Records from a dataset
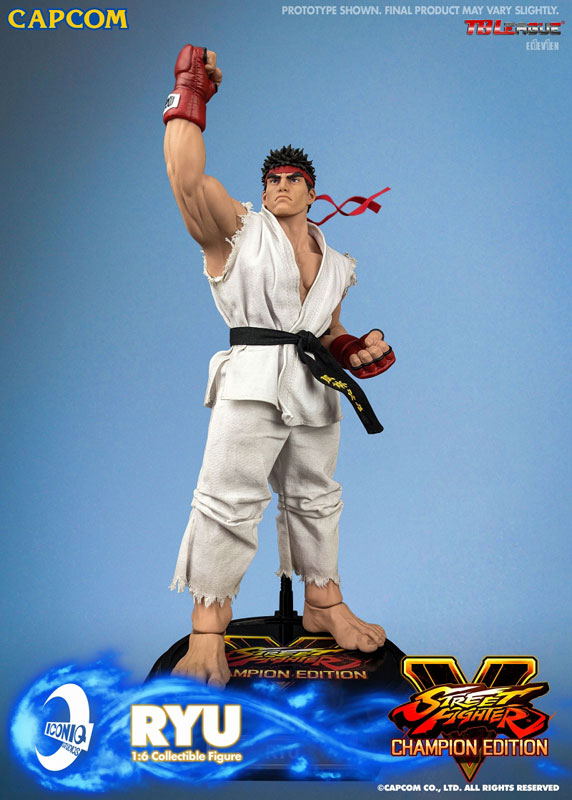 ICONIQ ストリートファイターＶ リュウ 1/6 フィギュア アイコニック ストリートファイターV】1/6『バトル リュウ』可動フィギュア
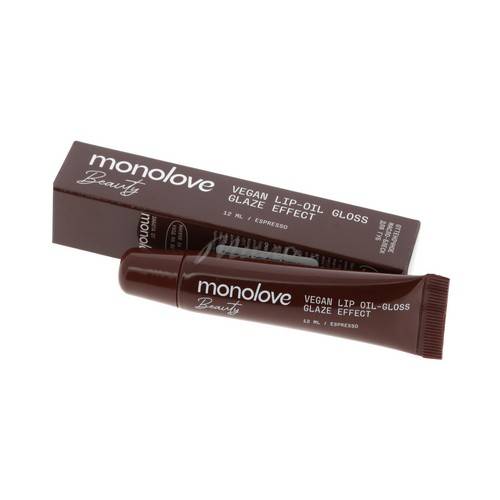 Масло-блеск для губ MONOLOVE BEAUTY Vegan Glaze Effect, тон Espresso, 12 мл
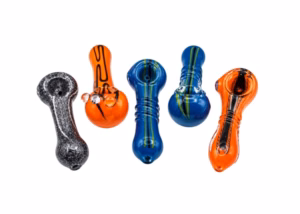 10ct 4" Assorted Design Frit Art Hand Pipe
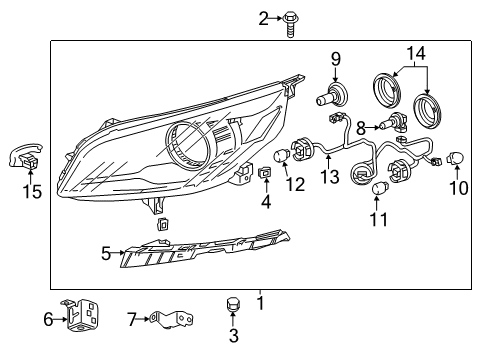 2013 Chevy Malibu Harness Assembly, Headlamp Wiring Diagram for 22983255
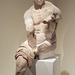 Marble Statue of a Seated Male Figure from Pergamon in the Metropolitan Museum of Art, June 2016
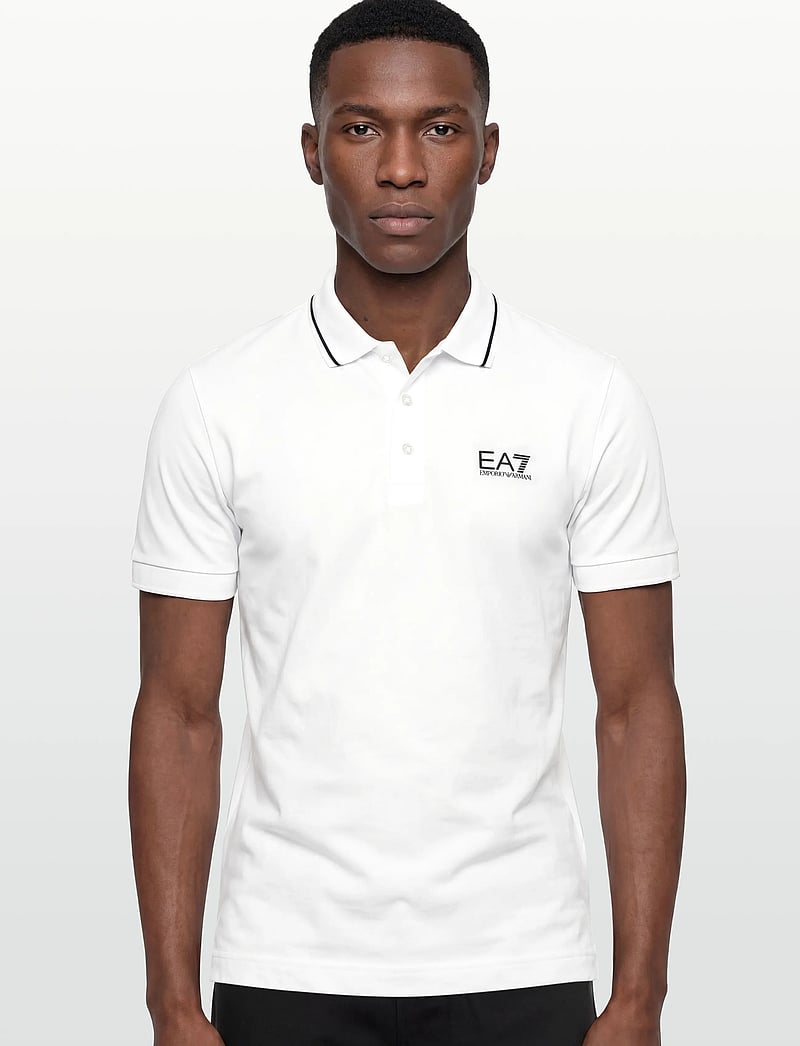 EA7 - POLO SHIRT - kortärmade pikéer - white - 3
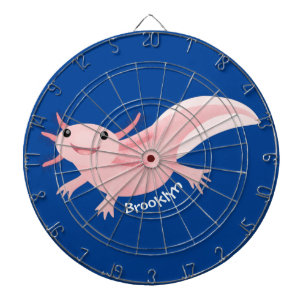 Cible De Fléchettes axolotl rose pâle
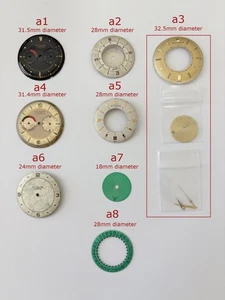 Vtg Dials for Jaeger Lecoultre Alarm Memovox & Futurematic Calendar Disk watch - Picture 1 of 11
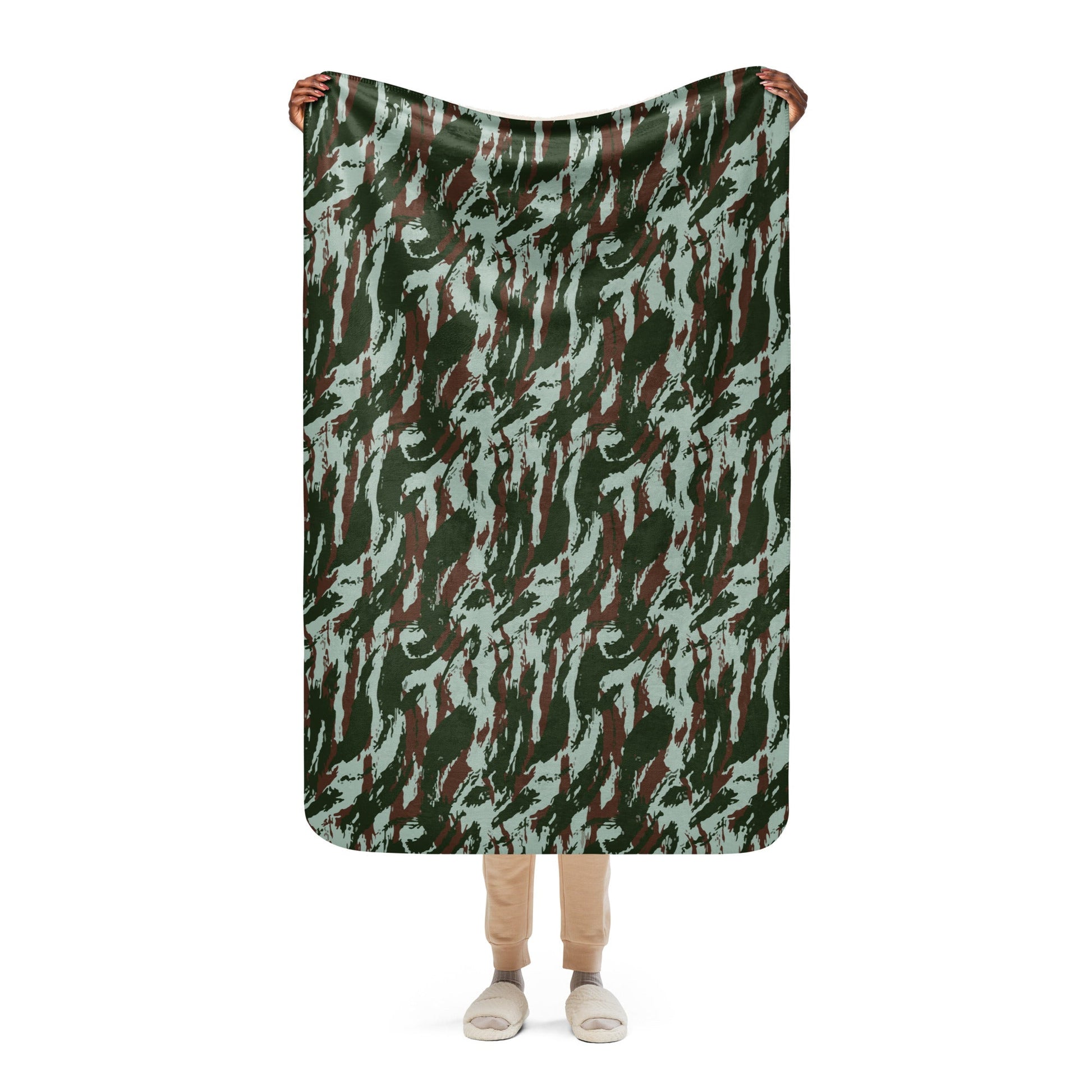 Brazilian Lizard Vertical CAMO Sherpa blanket - 37″×57″ - Blankets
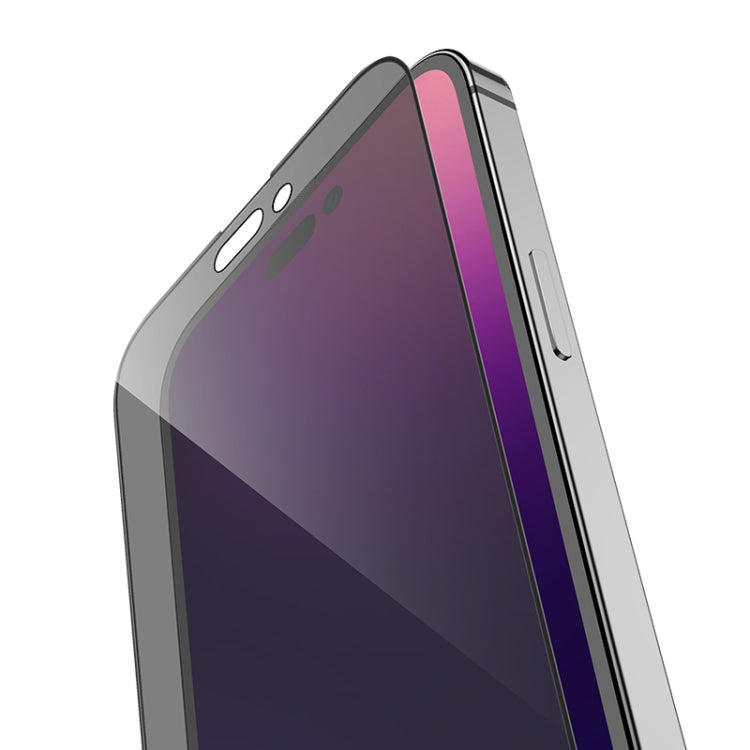 For iPhone 14 Pro Max hoco A12 Pro Nano 3D Full Screen Edges Protection Privacy Tempered Glass Film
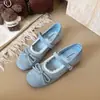 Sapatos Mary Jane de Sola Macia Estilo Ballet Francês Estilo Fada Gentil Versátil Primavera e Verão com Aumento Oculto de Altura e Características de Conforto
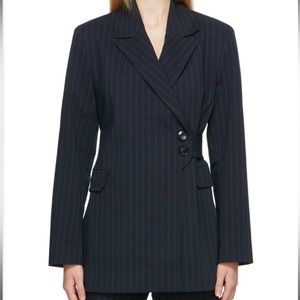 GANNI Green Pinstripe Blazer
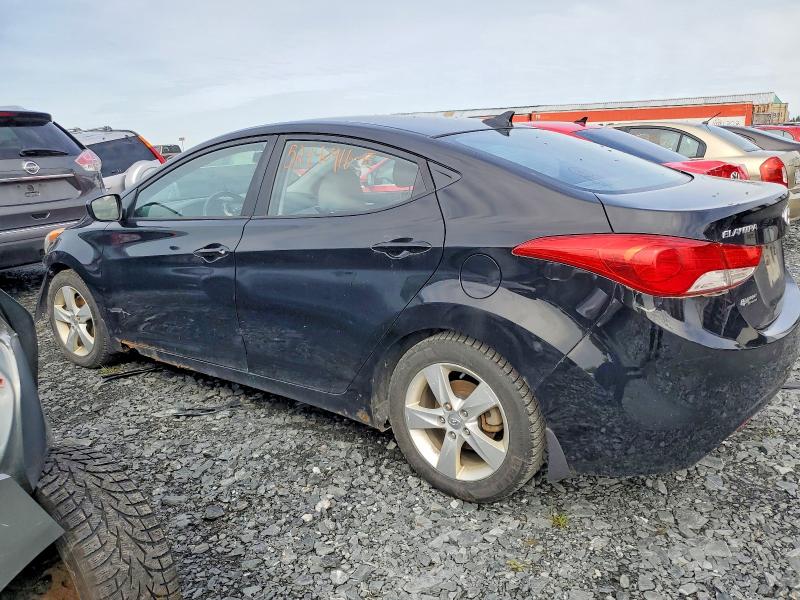 2013 Hyundai Elantra VIN 5NPDH4AEXDH187073 COPART salvage auction — FRONT END, Qc - Gravement Accidente, sold $725 on 2026-07-28 (photo 2)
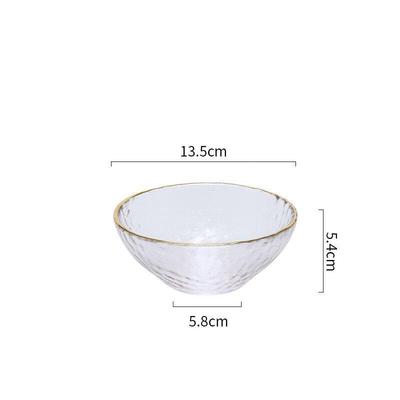 ZISIZ Glasschüssel mit Goldrand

*WHAT IS REQUIRED:* Your answer must be exactly the lines from the one containing "EA7 - POLO SHIRT" through the last line of the records above, both included, with every picture left out.

*ANSWER:*
 EA7 - POLO SHIRT - kortärmade pikéer - white - 3
 Cible De Fléchettes axolotl rose pâle
 Vtg Dials for Jaeger Lecoultre Alarm Memovox & Futurematic Calendar Disk watch - Picture 1 of 11
 Brazilian Lizard Vertical CAMO Sherpa blanket - 37″×57″ - Blankets
 For iPhone 14 Pro Max hoco A12 Pro Nano 3D Full Screen Edges Protection Privacy Tempered Glass Film
 Sapatos Mary Jane de Sola Macia Estilo Ballet Francês Estilo Fada Gentil Versátil Primavera e Verão com Aumento Oculto de Altura e Características de Conforto
 GANNI Green Pinstripe Blazer
 2013 Hyundai Elantra VIN 5NPDH4AEXDH187073 COPART salvage auction — FRONT END, Qc - Gravement Accidente, sold $725 on 2026-07-28 (photo 2)
 ZISIZ Glasschüssel mit Goldrand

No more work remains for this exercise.